No one rambled. Every speaker stuck to their brief, including Michael Moore, Secretary of State for Scotland, who still managed to cover all bases – and, perish the thought – possible votes in proposing the toast to the society and Tom Arnott, Haymount, who replied.
I thought Tom’s speech the best and most heartfelt. He had some good lines, including the auctioneer at Kelso ram sale who continued a high-octane selling performance, oblivious to the fact that the ram he was seeking bids for had dropped dead in the ring and the collective ringside was having hysterics.
But his pride in what the Border Union Agricultural Society has achieved in the past, distant and recent, in which he has played a prominent part, and what its job is now was apparent when he concluded: “You can hear the echoes of the past. We must ensure that those who come have as much to thank us for as we have to thank those who have gone before.”
At one point, looking round, I wondered idly how much Borders land would change hands if the roof fell in on a lunch for several hundred farmers and landowners, including at least two Dukes and John Campbell of Glenrath; a few hundred thousand acres I guess.
But I also wondered what the centenary dinner was like.
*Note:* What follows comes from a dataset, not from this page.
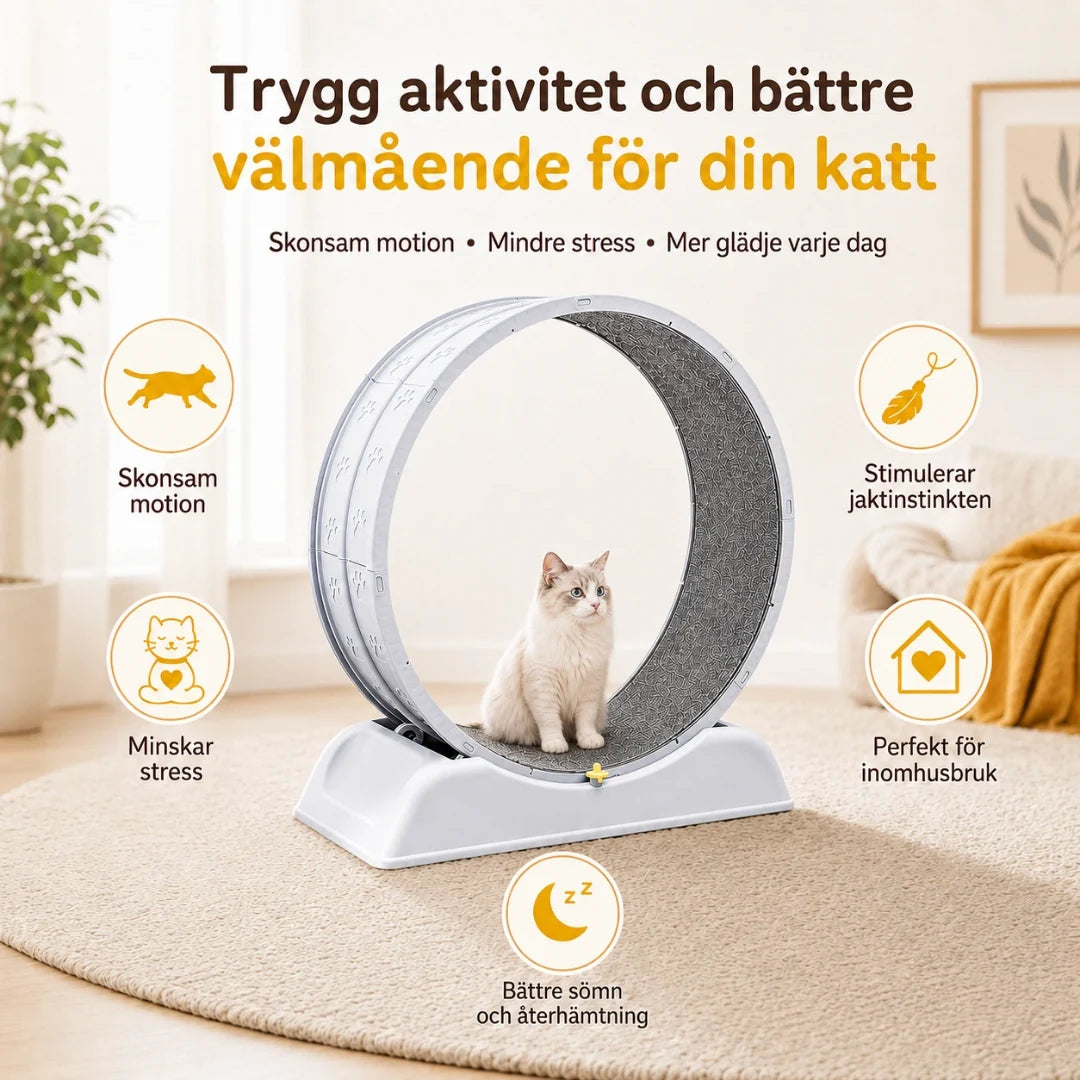 Katthjul med löpmatta och säkerhetslås – produktbild 2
As a given there would have been no ladies present, there would probably, I surmised, have been more speeches and toasts, and much more hard drinking.
Since then I have read the comprehensive history of the society, At A Meeting Held At Kelso, by Brian Wain and Charlie Robertson, and from that got a good idea of what the centenary dinner was like.
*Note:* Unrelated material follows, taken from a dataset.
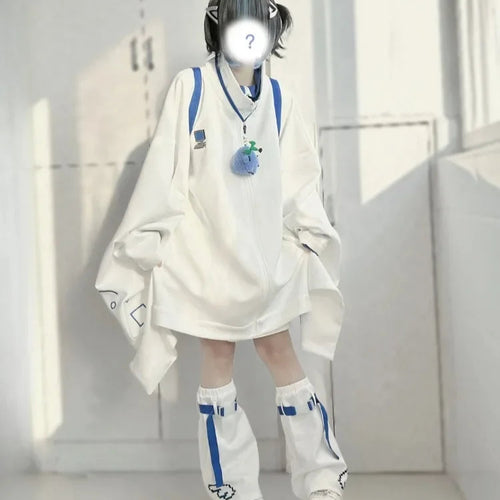 Load image into Gallery viewer, Japanese Fashion Jackets 2024 Women Clothing Stand Neck Zipper Print Outwear Casual Streetwear Coat Y2k Tops 2024 Ropa Mujer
About 100 were there in Kelso town hall on January 22, 1913. The 8th Duke of Roxburghe was in the chair (the 10th is the present society president).
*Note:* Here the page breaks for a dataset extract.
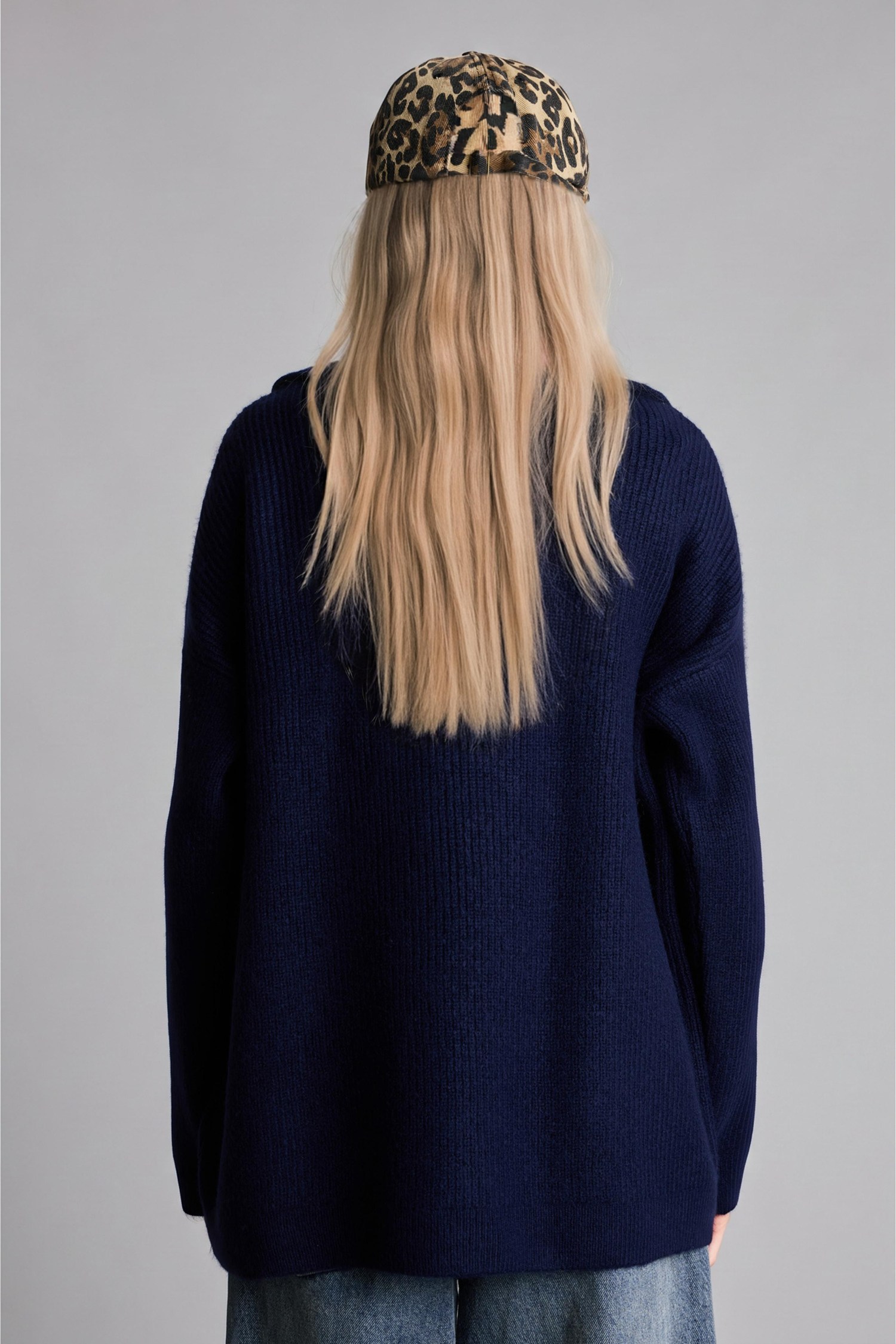 DeFacto Oversize Polo Yaka Kazak görsel 5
The authors note: “The proceedings which followed were not for the fainthearted, with some 14 toasts and replies, all accompanied by speeches.”
The Scottish Farmer noted: “The chairman set an example of brevity in speeches which was not altogether followed …” Organisers of the bi-centenary lunch obviously took note of that.
Brian Wain, as many will know, was a vet who came to Kelso in 1967 to join the practice of Keith, Rogerson and Baird, becoming a partner and retiring in 2000. A dedicated amateur historian, he took on the Border Union project willingly and had done a great deal of work on it before his death after a short illness almost a year ago.
Step forward Charlie Robertson, rector of Kelso High School until retirement in 2011, who worked with Brian and then completed the book in time for last week’s celebration. A great effort.
As well as a history of the society, it is a history of Borders farming, of how those prepared to dedicate time and effort beyond their own farm gate can make a difference.
Most of the present generation prepared to do that were there at last week’s memorable celebration. They had earned it.